Glenda Lucena is lecturer in music in ballet and director of the Precollege Ballet Program at the Indiana University Jacobs School of Music.
Born in Venezuela, Lucena began her studies at the Valencia State Ballet School and furthered her training as a scholarship student at the American Ballet Theatre School in New York City. Lucena’s teachers included Nina Nikanorova, Erik Volodin, Inna Zubkovskaya, Asav Messerer, Sofia Golovkina, Leon Danilian, Alexander Minz, Alexandra Danilova, Valentina Pereslayevec, and Jose Parés, among others.
Lucena returned to Valencia to start her professional career and was invited to dance as a soloist with the Ballet Metropolitano de Caracas. She also performed with the Ballet Nacional Teresa Carreño then worked for two years with the Ballet Nacional de Venezuela. There, she performed solo and principal roles and later served as both assistant to the artistic director and ballet mistress of the company.
Following that, she worked with Ballet Fundacion Arte Nuevo in Barquisimeto, Venezuela, where, for three years, she not only was a principal dancer and ballet mistress, but also the artistic director. She went on to serve as the academic director for the Choreographic Center for the Arts and the Arts Foundation in Barquisimeto.
Lucena’s extensive repertoire includes such ballets as Don Quixote, Le Corsaire, Giselle, Coppélia, The Nutcracker, The Firebird, Romeo and Juliet, Les Sylphides, Blue Bird, Diana and Acteon, La Fille mal Gardée, Flames of Paris, and contemporary works by Serviliano Gallardo, among others. During her professional career, she participated in many international ballet festivals and ballet pedagogy seminars in such places as Varna, Bulgaria; Moscow, Russia; Jackson, Mississippi; and Venezuela, cultivating an even broader palette in different ballet lineages and teaching methods.
Lucena was invited in 1994 to join the artistic staff of Miami City Ballet, one of the top-ranked ballet companies in the United States. She initially taught for both the Miami City Ballet Company and its school. After three years, she was promoted to ballet mistress for the company. Lucena continued to teach classes but also rehearsed and coached the company, which included many of George Balanchine’s works in its repertoire.
While at Miami City Ballet, she also served as children’s ballet mistress for the company’s production of Balanchine’s The Nutcracker, in which she was responsible for auditioning, teaching, and coaching four different casts of children. There were 100 students in each cast, with five different productions in five different southern Florida counties. She continued her work with the Miami City Ballet School alongside her work with the company and was deeply involved in its annual student workshop.
In 2001, Lucena joined Gulfshore Ballet and shared artistic responsibilities with company founder Melinda Roy, who is a former principal dancer with New York City Ballet. Over the next several years, Lucena had many guest engagements as a professional teacher around the United States and abroad, most notably, being invited as a guest teacher at The Royal Ballet School in London.

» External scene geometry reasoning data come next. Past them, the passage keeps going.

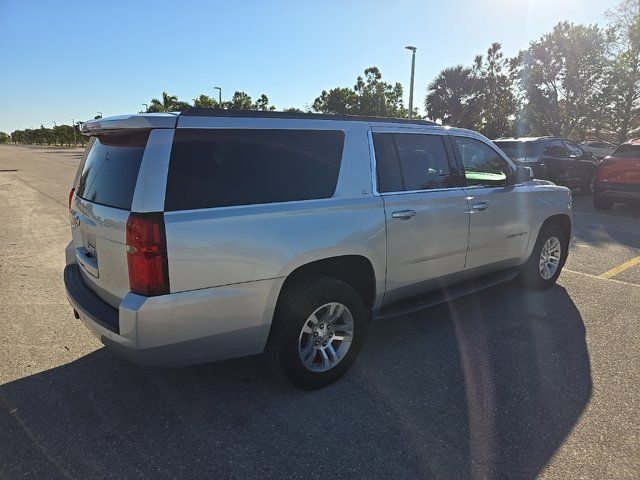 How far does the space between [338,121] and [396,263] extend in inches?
44.6

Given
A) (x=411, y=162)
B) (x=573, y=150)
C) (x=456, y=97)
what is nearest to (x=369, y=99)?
(x=456, y=97)

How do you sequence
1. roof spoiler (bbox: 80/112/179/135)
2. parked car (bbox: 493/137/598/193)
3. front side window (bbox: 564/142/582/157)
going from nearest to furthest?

During summers, Lucena is on faculty at the Chautauqua Institution, where she serves as ballet mistress for the Dance Program and teaches, rehearses, and coaches many young, talented ballet students. She also teaches for the resident ballet company at the Chautauqua Institution, North Carolina Dance Theatre, a company directed by former IU ballet faculty Jean-Pierre Bonnefoux and Patricia McBride.
The Jacobs School of Music has invited Lucena as a guest faculty member numerous times since 2004. That first fall, she taught classes and served as ballet mistress for IU Ballet Theater’s (IUBT) performance of George Balanchine's Sonatine. In fall 2005, IUBT performed her original choreography, Winds from the South, with music by Ernesto Lecuona, and for the same performance, she also staged Victor Gsovsky's Grand Pas Classique.
The following year at IU’s Fall Ballet, Lucena staged Marius Petipa’s Paquita. In the spring of 2012, she worked with ballet chair Michael Vernon to stage IUBT’s new full-length production of Tchaikovsky’s The Sleeping Beauty, and in fall 2013, Violette Verdy invited her to stage and serve as ballet mistress for Verdy’s Variations for Eight. Lucena also staged part of Petipa’s La Bayadère for IUBT.